Kelly-Jo Bluen (researcher at The London School of Economics and Political Science ) and Yassin Brunger (African Feminist and International Lawyer) spoke about the issue of impunity and criminal accountability, claiming that a failure to pursue criminal accountability for sexual crimes is tantamount to impunity. Related to accountability, Kirstie Farmer, research and policy adviser and legal assistant at the Norwegian Refugee Council, presented her work on the use of DNA evidence in the investigation and prosecution of sexual violence by UN peacekeeping forces. Capucine Fouchier, MHPSS technical advisor and staff care specialist, intervened on the discrimination, harassment and sexual violence faced by women humanitarian aid workers. Several other speakers enriched the discussion on the topic of sexual harassment and exploitation in humanitarian settings.

The contribution of our volunteers Clara Cotroneo and Laura Morselli has focused on civil society’s campaigning against sexual exploitation and abuse in the context of human trafficking, in conflict and post-conflict affected regions. With the role of civil society continuously redefined, negotiated, assessed and questioned, it has become important for practitioners and for activists to find effective means to address communities of supporters as well as leaders. Effective communication is fundamental to mobilize communities and influence law and policy making. In their study, our volunteers have investigated the social media campaigns of major NGOs, like Global alliance against trafficking in women, Save the Children, Amnesty, Maiti Nepal, Hope for Justice, committed to fighting sexual exploitation and human trafficking and individuated the characteristics a tweet should have to trigger engagement. The main question addressed was ‘what trigger users’ engagement on social media’ when talking about sexual exploitation and human trafficking of war affected civilians. The aim is to better understand what prompts people to engage with global issues and act upon them. Their social media analysis has been complemented and enriched with interviews of communication officers at organizations around the world such as Devatop, Maiti Nepal and Hope for Justice. On behalf of L’Osservatorio, we would like to warm-heartedly thank every interviewed for sharing their time and practices and advancing our understanding of the hard work of advocacy.

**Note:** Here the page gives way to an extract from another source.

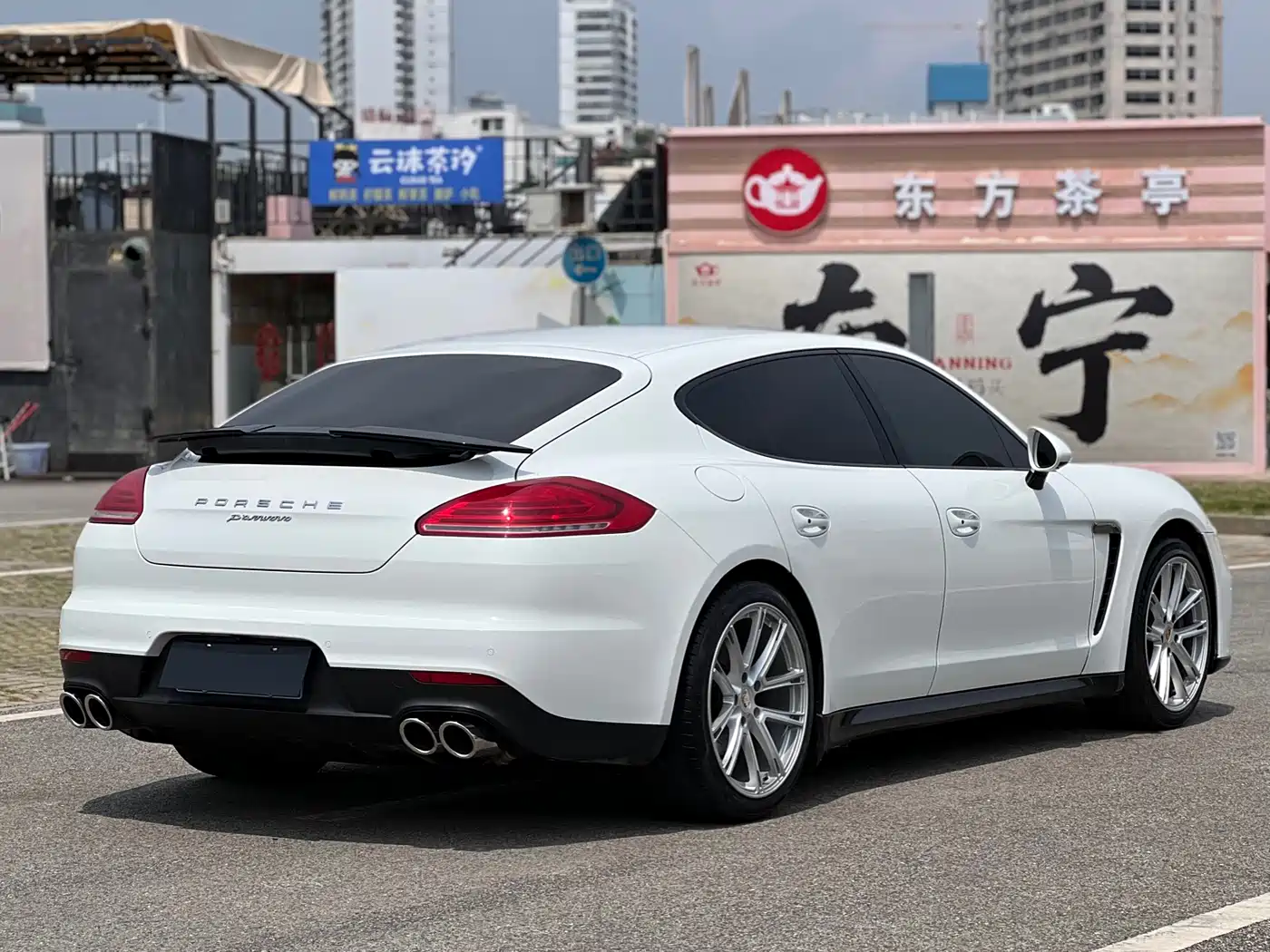 Porsche Panamera 2014 Panamera 3.0T фото 6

We firmly believe that building a fair and just society starts from our own individual involvement and participation and we strongly support the hard work of NGOs around the world. For this reason, we strongly encourage you to get in touch, if you wish to be interviewed and contribute or if you are an NGO in need of some advising or suggestions on how to structure your social media campaigns. Last but not least, we would also like to thank the London School of Economics for creating a space to discuss one of the most pressing issues in humanitarian contexts.